Short descriptive text snippets:
☆ ☆ ☆ ☆ ☆
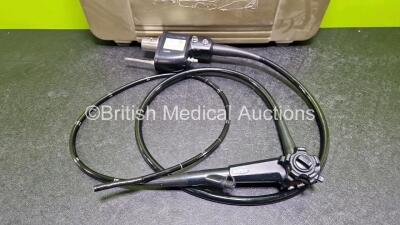 Pentax EG-2970K Video Gastroscope in Case - Engineer's Report : Optical System - Unable to Check, Angulation - No Fault Found, Insertion Tube - No Fault Found, Light Transmission - No Fault Found, Channels - No Fault Found, Leak Check - No Fault Found *SN - 2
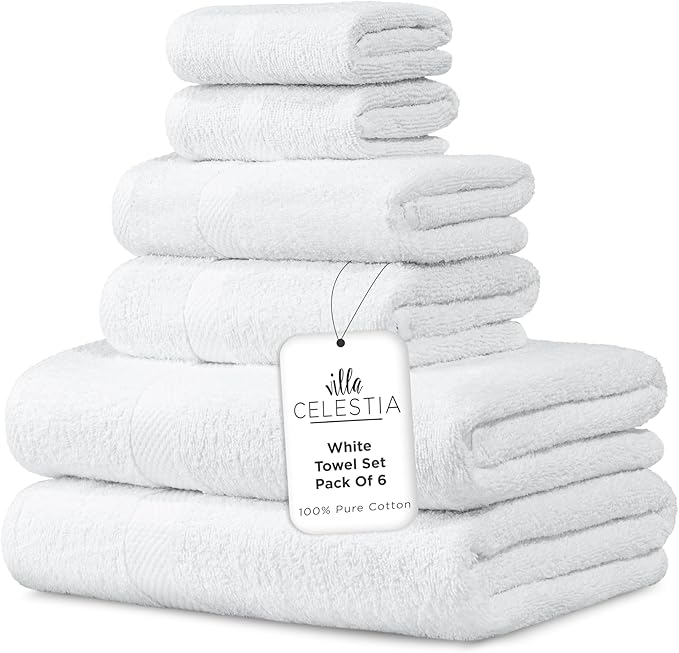 100% Combed Cotton Bathroom Towel Set of 6- 2 Bath Towels, 2 Hand Towels, 2 Wash Cloths, Sustainable, Soft, Highly Absorbent 6 Piece Cotton Bath Towel Set Ideal for Hotels, Spa, Bathroom, Dorm, White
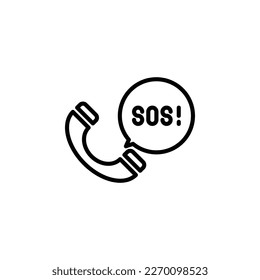 Iconos del contorno de llamadas de emergencia. Ilustración vectorial. Icono aislado adecuado para web, infografías, interfaz y aplicaciones.
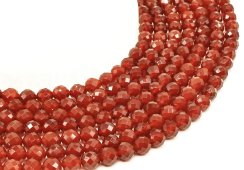 8mm fasetowane koraliki karneolu na sznurze o długości 40 cm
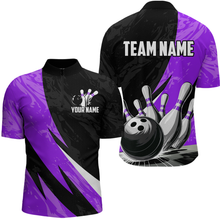 Load image into Gallery viewer, Custom Purple Bowling Custom Men Bowling Shirt Polo &amp; Quarter-Zip Bowling Team Jerseys HNT75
☆ ☆ ☆ ☆ ☆
→ HOW TO COMPLETE THIS TASK
Each record above is to be copied exactly. Drop the pictures.

→ RESULT FOR THIS EXERCISE
 Pentax EG-2970K Video Gastroscope in Case - Engineer's Report : Optical System - Unable to Check, Angulation - No Fault Found, Insertion Tube - No Fault Found, Light Transmission - No Fault Found, Channels - No Fault Found, Leak Check - No Fault Found *SN - 2
 100% Combed Cotton Bathroom Towel Set of 6- 2 Bath Towels, 2 Hand Towels, 2 Wash Cloths, Sustainable, Soft, Highly Absorbent 6 Piece Cotton Bath Towel Set Ideal for Hotels, Spa, Bathroom, Dorm, White
 Iconos del contorno de llamadas de emergencia. Ilustración vectorial. Icono aislado adecuado para web, infografías, interfaz y aplicaciones.
 8mm fasetowane koraliki karneolu na sznurze o długości 40 cm
 Load image into Gallery viewer, Custom Purple Bowling Custom Men Bowling Shirt Polo &amp; Quarter-Zip Bowling Team Jerseys HNT75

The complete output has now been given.